Professors cater to students and institutions with higher grades and diminished expectations.  Where do the kids in today’s academic institutions get conviction to shift focus away from their studies to Palestine and Ukraine? Part of it is youthful idealism, and part of it stems from ideological currents in elite academia and the media. But an equal part is the substitution of critical thinking with the ceaseless affirmation of emotional choice. Can we reverse the trend? There is a wisdom rooted in knowledge, expertise and experience that collectively goes by the name of authority. Isn’t it time to restore it.


As for news media, here too there was a time when Arnab Goswami used to be synonymous with “the nation wants to know…”, and be largely believed. His authority derived from the accuracy and quality of his reports. But slowly his audience understood that the news he was dishing was not simply facts, as they wanted but shaped and tainted with opinions. 


This is happening as the current approach is not to seek or create news media that provides straighter news or a better balance of opinion. It has been to turn the tables. Conservatives, including me, note that “mainstream media” often present a slant on the news. Why do media indulge in such hypocrisy? Is the bygone era of honest journalism dead? Because it has proved immensely profitable, especially on cable TV, radio airwaves and now podcasts. It has given previously disaffected consumers a much wider range of options for where they obtain their news, or at least the version of it that does the least to contradict their beliefs. 

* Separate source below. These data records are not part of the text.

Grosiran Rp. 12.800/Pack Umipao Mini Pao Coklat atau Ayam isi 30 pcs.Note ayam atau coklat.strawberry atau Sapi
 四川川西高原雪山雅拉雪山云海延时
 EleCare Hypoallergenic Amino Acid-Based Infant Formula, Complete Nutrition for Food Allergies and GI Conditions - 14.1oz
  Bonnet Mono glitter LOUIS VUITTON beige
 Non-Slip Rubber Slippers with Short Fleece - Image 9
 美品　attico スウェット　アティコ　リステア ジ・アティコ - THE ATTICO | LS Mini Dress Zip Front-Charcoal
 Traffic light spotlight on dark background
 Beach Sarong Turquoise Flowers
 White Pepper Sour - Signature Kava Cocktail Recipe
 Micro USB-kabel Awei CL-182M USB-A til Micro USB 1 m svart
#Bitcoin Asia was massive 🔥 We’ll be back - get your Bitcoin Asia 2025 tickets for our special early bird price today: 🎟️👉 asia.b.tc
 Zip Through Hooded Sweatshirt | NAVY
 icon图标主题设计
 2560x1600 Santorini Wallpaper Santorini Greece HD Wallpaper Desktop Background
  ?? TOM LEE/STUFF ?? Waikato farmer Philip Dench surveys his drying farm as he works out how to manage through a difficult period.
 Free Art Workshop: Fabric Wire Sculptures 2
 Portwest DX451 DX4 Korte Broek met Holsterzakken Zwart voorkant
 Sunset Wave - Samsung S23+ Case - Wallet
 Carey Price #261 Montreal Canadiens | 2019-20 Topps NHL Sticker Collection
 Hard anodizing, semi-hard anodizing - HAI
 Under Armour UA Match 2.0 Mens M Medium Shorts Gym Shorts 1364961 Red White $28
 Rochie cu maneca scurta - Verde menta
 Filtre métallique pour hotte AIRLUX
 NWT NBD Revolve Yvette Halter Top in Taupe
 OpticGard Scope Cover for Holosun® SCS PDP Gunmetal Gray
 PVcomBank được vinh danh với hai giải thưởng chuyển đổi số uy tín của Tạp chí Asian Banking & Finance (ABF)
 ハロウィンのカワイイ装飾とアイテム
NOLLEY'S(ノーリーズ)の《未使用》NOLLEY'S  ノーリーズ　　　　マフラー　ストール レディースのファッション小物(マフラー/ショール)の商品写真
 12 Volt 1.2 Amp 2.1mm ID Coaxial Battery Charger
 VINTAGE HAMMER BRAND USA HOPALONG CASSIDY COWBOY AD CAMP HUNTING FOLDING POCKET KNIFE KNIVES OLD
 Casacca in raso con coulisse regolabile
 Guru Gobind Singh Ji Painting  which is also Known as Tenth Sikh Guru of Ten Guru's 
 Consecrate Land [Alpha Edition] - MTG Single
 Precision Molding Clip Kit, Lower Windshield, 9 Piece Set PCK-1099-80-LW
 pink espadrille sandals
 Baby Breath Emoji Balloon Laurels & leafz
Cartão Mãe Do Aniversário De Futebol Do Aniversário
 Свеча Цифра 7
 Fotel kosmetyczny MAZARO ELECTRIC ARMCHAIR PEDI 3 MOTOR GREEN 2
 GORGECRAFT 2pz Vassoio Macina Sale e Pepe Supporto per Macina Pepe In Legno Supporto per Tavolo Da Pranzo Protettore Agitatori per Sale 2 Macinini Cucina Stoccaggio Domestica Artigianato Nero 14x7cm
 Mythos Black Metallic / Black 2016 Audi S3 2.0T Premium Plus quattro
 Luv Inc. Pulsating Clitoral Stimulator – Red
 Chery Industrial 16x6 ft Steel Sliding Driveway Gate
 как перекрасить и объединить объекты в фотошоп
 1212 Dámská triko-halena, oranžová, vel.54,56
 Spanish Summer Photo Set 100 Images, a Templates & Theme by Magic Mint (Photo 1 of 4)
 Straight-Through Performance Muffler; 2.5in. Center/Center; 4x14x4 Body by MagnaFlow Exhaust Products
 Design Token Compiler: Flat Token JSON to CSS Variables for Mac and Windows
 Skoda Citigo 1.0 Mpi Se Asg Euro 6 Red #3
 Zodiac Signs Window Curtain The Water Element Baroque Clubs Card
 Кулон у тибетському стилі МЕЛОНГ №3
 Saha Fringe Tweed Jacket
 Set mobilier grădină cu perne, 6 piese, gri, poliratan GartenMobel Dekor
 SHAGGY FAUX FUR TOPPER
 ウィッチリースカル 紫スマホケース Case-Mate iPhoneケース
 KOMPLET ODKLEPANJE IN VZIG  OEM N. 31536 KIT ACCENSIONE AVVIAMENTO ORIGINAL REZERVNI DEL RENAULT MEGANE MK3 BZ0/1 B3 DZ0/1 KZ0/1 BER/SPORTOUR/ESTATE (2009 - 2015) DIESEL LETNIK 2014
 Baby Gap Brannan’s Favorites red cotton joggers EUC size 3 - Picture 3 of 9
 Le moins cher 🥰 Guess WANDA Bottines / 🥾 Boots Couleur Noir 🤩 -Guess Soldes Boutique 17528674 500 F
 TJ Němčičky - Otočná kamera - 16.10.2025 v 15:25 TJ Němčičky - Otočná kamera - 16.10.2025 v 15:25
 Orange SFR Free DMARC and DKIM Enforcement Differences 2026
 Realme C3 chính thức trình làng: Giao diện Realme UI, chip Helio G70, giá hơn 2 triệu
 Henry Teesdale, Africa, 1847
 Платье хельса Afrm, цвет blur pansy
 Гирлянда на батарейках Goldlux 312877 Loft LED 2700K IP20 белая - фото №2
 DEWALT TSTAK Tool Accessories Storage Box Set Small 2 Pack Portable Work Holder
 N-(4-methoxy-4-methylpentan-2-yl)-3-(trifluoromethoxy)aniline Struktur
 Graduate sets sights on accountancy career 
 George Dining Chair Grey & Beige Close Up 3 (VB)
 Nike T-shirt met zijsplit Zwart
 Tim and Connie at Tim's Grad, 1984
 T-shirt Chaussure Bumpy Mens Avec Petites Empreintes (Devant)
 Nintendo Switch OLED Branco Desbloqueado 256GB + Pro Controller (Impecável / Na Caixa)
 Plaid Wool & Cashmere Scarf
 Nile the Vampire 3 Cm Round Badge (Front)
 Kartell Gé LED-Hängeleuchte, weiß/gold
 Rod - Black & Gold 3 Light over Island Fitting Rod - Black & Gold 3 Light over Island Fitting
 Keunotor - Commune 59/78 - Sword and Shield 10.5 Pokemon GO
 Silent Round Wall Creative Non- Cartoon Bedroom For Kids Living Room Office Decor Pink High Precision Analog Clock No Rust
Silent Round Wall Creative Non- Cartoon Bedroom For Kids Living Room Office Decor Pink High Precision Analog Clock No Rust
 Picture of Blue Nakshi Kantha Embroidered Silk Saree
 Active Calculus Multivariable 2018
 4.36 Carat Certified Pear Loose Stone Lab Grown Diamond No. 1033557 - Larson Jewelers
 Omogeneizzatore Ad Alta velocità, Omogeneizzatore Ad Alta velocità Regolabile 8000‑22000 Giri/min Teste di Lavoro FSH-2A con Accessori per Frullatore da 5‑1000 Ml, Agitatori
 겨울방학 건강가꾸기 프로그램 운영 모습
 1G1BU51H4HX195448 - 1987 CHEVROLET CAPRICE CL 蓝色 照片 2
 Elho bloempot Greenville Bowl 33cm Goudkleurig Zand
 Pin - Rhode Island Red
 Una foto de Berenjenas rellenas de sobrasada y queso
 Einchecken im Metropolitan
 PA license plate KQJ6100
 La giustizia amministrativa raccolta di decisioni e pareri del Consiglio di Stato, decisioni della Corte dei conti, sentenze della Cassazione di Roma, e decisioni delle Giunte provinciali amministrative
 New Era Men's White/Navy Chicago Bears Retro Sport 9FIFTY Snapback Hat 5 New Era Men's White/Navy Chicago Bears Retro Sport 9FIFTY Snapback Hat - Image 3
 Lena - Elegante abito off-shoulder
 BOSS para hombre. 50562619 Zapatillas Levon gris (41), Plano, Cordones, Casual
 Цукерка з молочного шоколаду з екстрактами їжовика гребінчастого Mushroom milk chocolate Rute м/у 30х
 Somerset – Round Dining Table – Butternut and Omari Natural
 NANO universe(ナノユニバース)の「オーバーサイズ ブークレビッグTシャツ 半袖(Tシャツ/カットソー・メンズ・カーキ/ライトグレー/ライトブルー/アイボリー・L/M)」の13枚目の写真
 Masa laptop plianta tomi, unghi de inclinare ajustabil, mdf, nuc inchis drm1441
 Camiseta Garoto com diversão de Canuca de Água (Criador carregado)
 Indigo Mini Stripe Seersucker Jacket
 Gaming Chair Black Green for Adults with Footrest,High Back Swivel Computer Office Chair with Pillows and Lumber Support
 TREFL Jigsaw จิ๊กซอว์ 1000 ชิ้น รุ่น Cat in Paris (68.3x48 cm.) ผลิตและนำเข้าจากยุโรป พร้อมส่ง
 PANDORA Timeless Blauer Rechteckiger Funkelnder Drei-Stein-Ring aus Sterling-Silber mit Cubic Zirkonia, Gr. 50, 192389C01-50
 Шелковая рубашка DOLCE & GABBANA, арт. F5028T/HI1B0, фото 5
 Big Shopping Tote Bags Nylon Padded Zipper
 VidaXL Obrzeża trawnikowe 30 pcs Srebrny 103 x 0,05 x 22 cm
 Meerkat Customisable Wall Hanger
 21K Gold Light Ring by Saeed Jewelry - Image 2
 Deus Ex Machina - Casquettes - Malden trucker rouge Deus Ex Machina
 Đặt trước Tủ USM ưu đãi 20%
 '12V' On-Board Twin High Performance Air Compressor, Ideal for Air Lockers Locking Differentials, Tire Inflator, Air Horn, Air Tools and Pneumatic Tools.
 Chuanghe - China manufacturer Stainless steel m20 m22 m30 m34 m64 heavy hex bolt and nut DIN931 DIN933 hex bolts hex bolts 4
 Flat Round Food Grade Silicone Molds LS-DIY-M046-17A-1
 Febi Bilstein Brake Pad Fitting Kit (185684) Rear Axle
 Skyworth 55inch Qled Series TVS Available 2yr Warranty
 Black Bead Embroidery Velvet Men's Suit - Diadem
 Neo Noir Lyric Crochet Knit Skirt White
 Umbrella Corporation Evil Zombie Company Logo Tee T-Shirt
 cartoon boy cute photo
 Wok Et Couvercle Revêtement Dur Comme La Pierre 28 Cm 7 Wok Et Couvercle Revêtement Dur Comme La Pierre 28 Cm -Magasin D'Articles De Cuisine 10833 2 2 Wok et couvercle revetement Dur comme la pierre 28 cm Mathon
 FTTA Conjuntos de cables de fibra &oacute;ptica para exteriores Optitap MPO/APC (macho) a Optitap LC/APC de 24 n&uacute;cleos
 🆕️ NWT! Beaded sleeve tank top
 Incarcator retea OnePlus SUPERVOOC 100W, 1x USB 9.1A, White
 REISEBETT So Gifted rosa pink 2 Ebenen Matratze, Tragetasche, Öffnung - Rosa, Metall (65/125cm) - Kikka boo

But what it has produced is not better-informed citizens. It is a land of cacophony, confusion and conspiracy theories. To give hypocrisy a pass, one might argue, is to slide down a slope toward having no principles at all. In these merciless political times, it would be better for our minds to focus on the true betrayals that really matter. Perhaps if we embrace the inevitable inconsistencies within ourselves, we can have a more generous, less purity-focused people of practical good aimed at real change.


Think contra! What if higher education did some introspection away from hypocrisy and responded to plummeting public confidence by demanding a whole lot more of their students, especially through extensive core requirements? What if professors gave grades that reflected actual performance? What if administrators responded to rules-breaking through summary expulsions? What if the news media, also facing declining levels of trust, stopped catering to their least literate readers, stopped caring about their angriest ones, stopped publishing dumbed-down versions of news, and stopped acting as if journalism is just another form of entertainment? 


Maybe moves like these may spell the death of academia & the news media but may also help save them recover from the pits of their hypocrisy and as for me, it will help my turnaround from the small tit bits of hypocrisy that I have indulged in and realize now. The words today’s youth almost never want to hear — “You are wrong” — are sometimes the ones that, unknowingly, they must get used to.